Con decreto emesso il 7 febbraio u.s., il Giudice del lavoro di Bari ha statuito che non integra comportamento antisindacale il rifiuto di un dirigente scolastico di porre in essere le attività necessarie all’apertura di un tavolo di confronto con le associazioni sindacali per la distribuzione del fondo premiale ai docenti: come pretendevano i ricorrenti CGIL-CISL-UIL-SNALS.
La ferma decisione del dirigente scolastico è stata ritenuta legittima, esattamente per le ragioni da noi più volte evidenziate: che, pur qualificato come retribuzione accessoria, il bonus non è contrattabile in quanto prerogativa dirigenziale, quindi non derogabile per via pattizia, come espressamente prescritto dalla norma imperativa di cui all’art. 1, comma 196, legge 107/15. Norma imperativa che, si precisa, in quanto rivolta al solo personale docente del comparto scuola, ha carattere speciale e pertanto derogatorio rispetto alla normativa generale.
Sicché – prosegue il magistrato del capoluogo pugliese – la condotta del Dirigente scolastico denunciata dalle parti ricorrenti non solo non è diretta ad impedire o limitare in alcun modo l’esercizio della libertà e dell’attività sindacale, ma risulta pienamente rispettosa del dettato normativo che regola la materia in oggetto.
I quattro ricorrenti sindacati non potevano non sapere che il ricorso sarebbe stato respinto.
E, ancor prima, non potevano non sapere che – per pacifica giurisprudenza – soggetto dotato di legittimazione passiva non era il dirigente scolastico, bensì l’Amministrazione, ovvero il MIUR.
Ciò nonostante, con deliberata spregiudicatezza, hanno direttamente puntato il ventre molle del sistema: la naturale – e apertamente qualificata – controparte nei luoghi di lavoro.

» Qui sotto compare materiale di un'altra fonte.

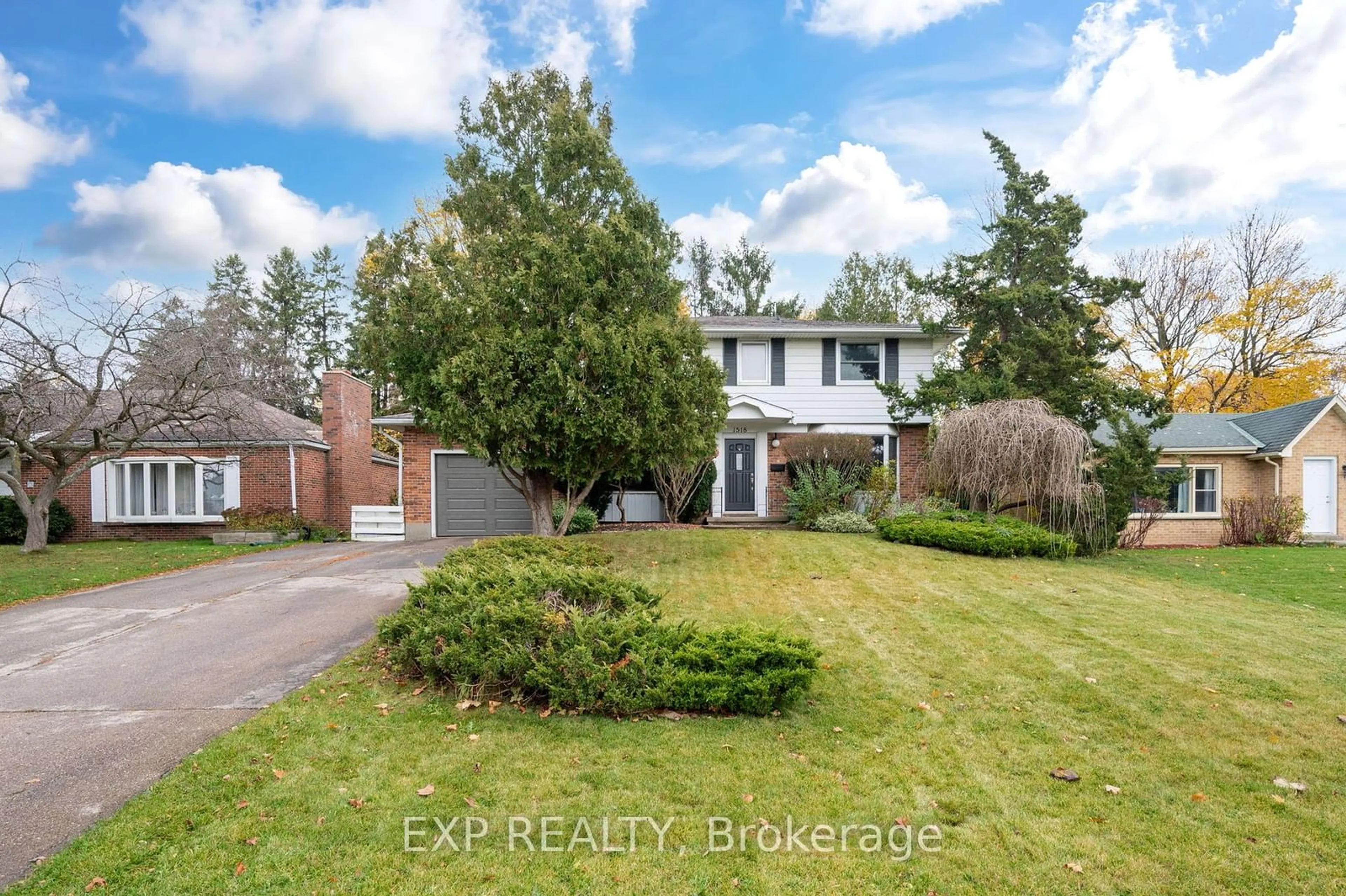 Frontside or backside of a home, the fenced backyard for 1518 Western Rd, London Ontario N6G 1H4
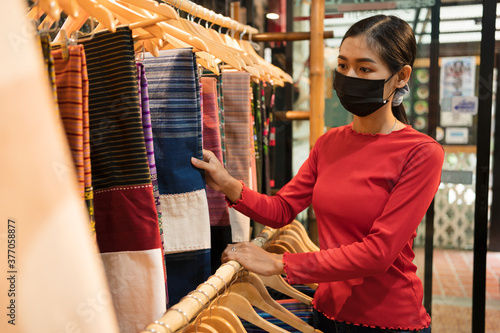 Plakat Young travel shopping woman choosing unique Thai native clothes at village shop.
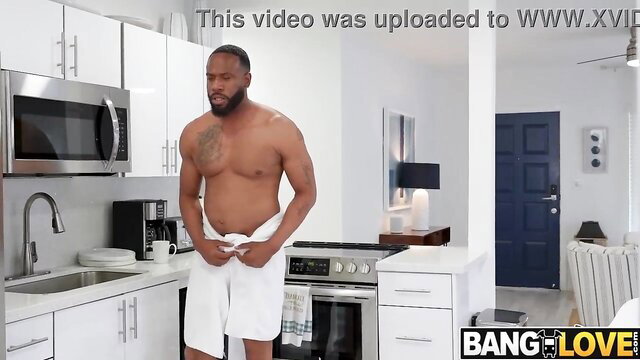 Muscular black man shirtless in towel in kitchen Bang Love video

La stessa controparte che ha loro attribuito il 52% di rappresentatività e perciò il legittimo potere di maltrattarla, o nei tribunali della Repubblica o negli imminenti tavoli negoziali in cui saranno pronti a sottoscrivere il quarto CCNL di una dirigenza pezzente.
A meno che essa non abbia finalmente un sussulto d’orgoglio e s’induca a spezzare le proprie catene.